APH
Published on 06/17/2025 at 02:51, updated on 06/17/2025 at 06:08
By Maya Patel
Amphenol Corporation released its Q1 25 results on April 23, 2025, including a remarkable 47.7% y/y increase in revenue to $4,811m. Operating income surged 49.7% y/y to $1,024.8m, with margins expanding by 27bp to 21.3%. Net profit rose 34% y/y to $737.8m. Following these strong results, Fox Advisors and Goldman Sachs updated their target prices for Amphenol to $110 and $102, respectively.
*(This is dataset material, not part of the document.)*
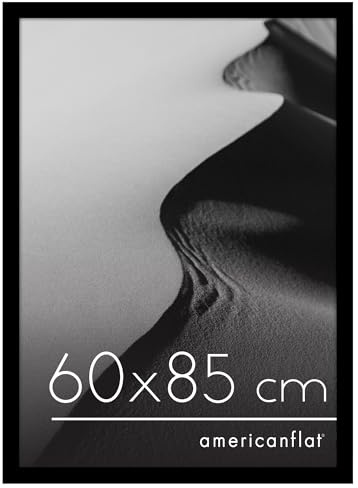 Americanflat Cornice 60x85 cm Nera - Cornice Foto 80x65 cm in Legno MDF con Pannello Protettivo in Plastica e Ganci Integrati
The announcement led to an 8.2% rise in the share's price on the results day, with the stock increasing 21.7% since then.
Amphenol Corporation, established in 1932 and headquartered in Connecticut, US, specializes in designs, manufactures, and sells connectors, interconnect systems, antennas, sensors, and specialty cables. Serving diverse markets including automotive, aerospace, and telecommunications, Amphenol produces products such as cable assemblies and printed circuit boards, contributing to strong growth in revenue and profitability.
The company has approximately 125,000 employees and operates across three main segments: Communications Solutions (42% of FY 24 revenue), Harsh Environment Solutions (29%), and Interconnect and Sensor Systems (29%). Revenue distribution by geography is as follows: United States (35%), China (23%), and other regions (42%).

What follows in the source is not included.